Solar advocates like Vote Solar and the Coalition for Clean Energy blame the fees for stunting solar growth in the state, which goes against other efforts by the state to encourage solar growth, including requiring utilities to include storage in their long-term resource plans and the creation of a disclosure form that makes installing solar much safer for consumers. At the end of the day, these "stand-by" charges are just fixed charges by another name. Here's hoping the New Mexico Public Regulation Commission recognizes them for the price-gouging they are and eliminates them from solar customers' bills. More: PRC asked to end fee charged to Eastern New Mexico solar users

SB 700 Advances In CA. After a great day of lobbying by the 200 solar pros in Sacramento, SB 700 came out of the House Appropriations committee with a positive vote on Thursday evening. This means that the bill heads to the House floor and is expected to come to a vote. If successful, the bill may head to the Senate before going to Governor Brown. This is a fantastic bill that extends the SGIP funding for 5 years and lays the groundwork for future Governor Newsom to lead solar further down the road. A 5 year SGIP is key to solar’s growth given the importance of storage within a solar value proposition in time of use rates. California would lead the volume that drives the cost of storage down for States that are a bit more aggressive on net metering than pro-solar markets.

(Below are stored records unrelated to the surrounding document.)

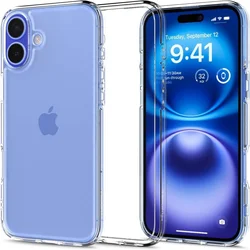 Spigen - Ultra Hybrid maska ACS08197 za iPhone 16 - Clear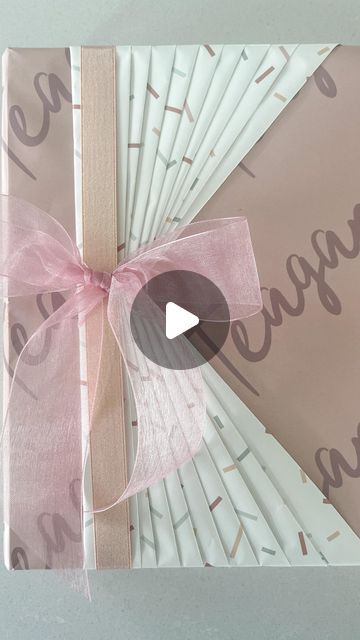 Annika Sommerville on Instagram: "Pleats are always a good idea! @paperbloom #paperbloom
.
.
.
.
#giftwrapping #birthdaygift #wrapping #wrappingpaper #wrappingpresents #wrappinggifts" Pleated Gift Wrapping, Pretty Gift Wrapping Ideas, Wrapping Presents, Gift Wraps, Present Wrapping, Pretty Gift, Gift Wrap, Wrapping Paper, Birthday Gifts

SC Utility Board Ousted. As I often do, I go to Twitter to see what is happening and a story made its way through energy Twitter on Saturday. A shareholder meeting of a co-op utility in South Carolina was gathering a crowd that was far bigger than any before it. When it was all done, shareholders voted to fire the board by an overwhelming margin for abusing their positions and excessive pay amongst other things. It’s an incredible story that could be a precursor for utilities across the Country if they abuse their positions.
Module Costs Decline. I’ve stopped guessing what happens to the stocks, especially solar stocks but this review of First Solar takes the view of module costs which is interesting. What happened to the pricing after tariffs and where is it going? I’ve heard not only Chinese pricing but all module prices dropping consistently into a market favorable way. Let me know what you’re seeing.
The Impact Of Policy. Utah is a strong solar market and has shown great residential solar growth. Some of the largest residential solar companies are based there. But with limited local advocacy support there was a change in net metering that has caused a bit of a reset. I’ll be looking at the State chapters a year after speaking with many of the State chapter directors to see how the industry can prop them up.
Solar Compared To Homebuilders. Homebuilders have national brands but for the most part they are quite fragmented like the solar industry. Jon Carson uses homebuilders as an example of a market that does very well in DC. Here’s my discussion with him.

Have a great day!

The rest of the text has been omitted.